You could have massive CG set pieces, but after a few seconds of going “oh, that’s pretty”, they become kind of dull, so it was important to us to have the character and story as much in the foreground as the effects, so that there’s some jeopardy involved.

F: In regards to conceptualizing and writing the film, is there a certain understanding of your limitations gained from experience, or do you write the story as big and grand as it comes to you and then begin reshaping it so you don’t blow up your budget or production costs.

SP: We just write what we want to write. Having written a number of films now, sometimes you know that there’s no way we’ll be able to do that, but most of the time you just sort of write it then you take it our effects company Double Negative and you say, “look, we want to do this.” And they’ll say, “yeah, sure” or “no, that’s too expensive” and then you have to cut it down, so it’s best not to limit yourself by what you think can’t be done because, generally speaking, that’s left up to other people to decide. 

With effects now, you can do anything. We have an amazing special and digital effects team. We’d never second guess them by omitting something from the script because we think they might not be able to do it. Because usually they’re able to do anything.

F: While Shaun of the Dead and Hot Fuzz both boast a brilliant support cast, The World’s End is arguably your biggest ensemble cast to date? Did you have Martin Freeman, Eddie Marsan, Paddy Considine and Rosamund Pike in mind as you penned the script?

SP: Absolutely. We had this ideal cast where, at one point, we were just writing down actor’s names in the script rather than the character’s names just because it was helping us visualise performances. So we had our dream 5 and we got it, which was great. We really wanted to have a ‘team of assassins’. And that’s what we got.

It was a very nice group, and everyone brought so much to it. It’s a treat when you get to work in a group like that.

F: So now that all is said and done and your about to unleash The World’s End into the world, what should audiences expect? A bittersweet but familiar conclusion to a trilogy, or a standalone genre flick?

SP: I think that if the humour of the last 2 films appealed to them, there’ll be a synchronicity there in the style of humour. They’re films for film lovers. 

This isn’t in any way a parody of anything. It’s not a parody of sci-fi films. There are no references in it- it’s just it’s own thing. We kind of got tired of just being labeled the ‘reference-y guys’ so we were adamant about “let’s just not do that in this one.”

But if you liked the first two, I think you’ll love it. For me, it’s the culmination of everything we’ve ever done. We’ve put everything we’ve ever learnt into this film. We watched Hot Fuzz and Shaun of the Dead before we started writing, and there were parts of both films that we really liked and we thought, “let’s try and bring a little bit of the rawness of Shaun of the Dead and a bit of Hot Fuzz and try to come up with a synthesis, and a fitting end to the trilogy. 

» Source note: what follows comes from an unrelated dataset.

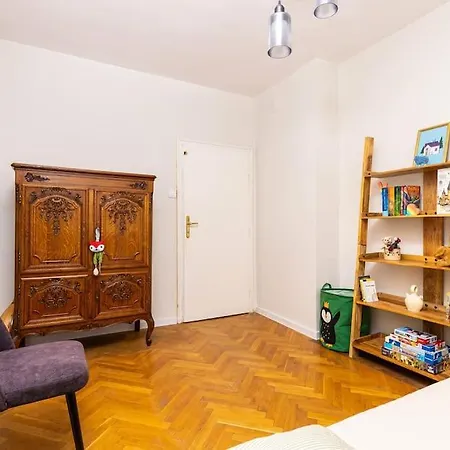 Family Fuzzy Muzzy 2 Bedrooms Mu Apartament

I’m really excited for it. I think I’m more proud of this film than I am of the other 2 by some measure, just because I feel like it’s a more accomplished film, in a way. Shaun of the Dead got by on innocence in some respects- we hardly knew what we were doing and it was all out of necessity. With Hot Fuzz, we went at it studiously. With this one, it was a very organic process that was very easy to write. Edgar and I really hit the ground running with it, and I think the years we spent together has made the birthing process a lot easier.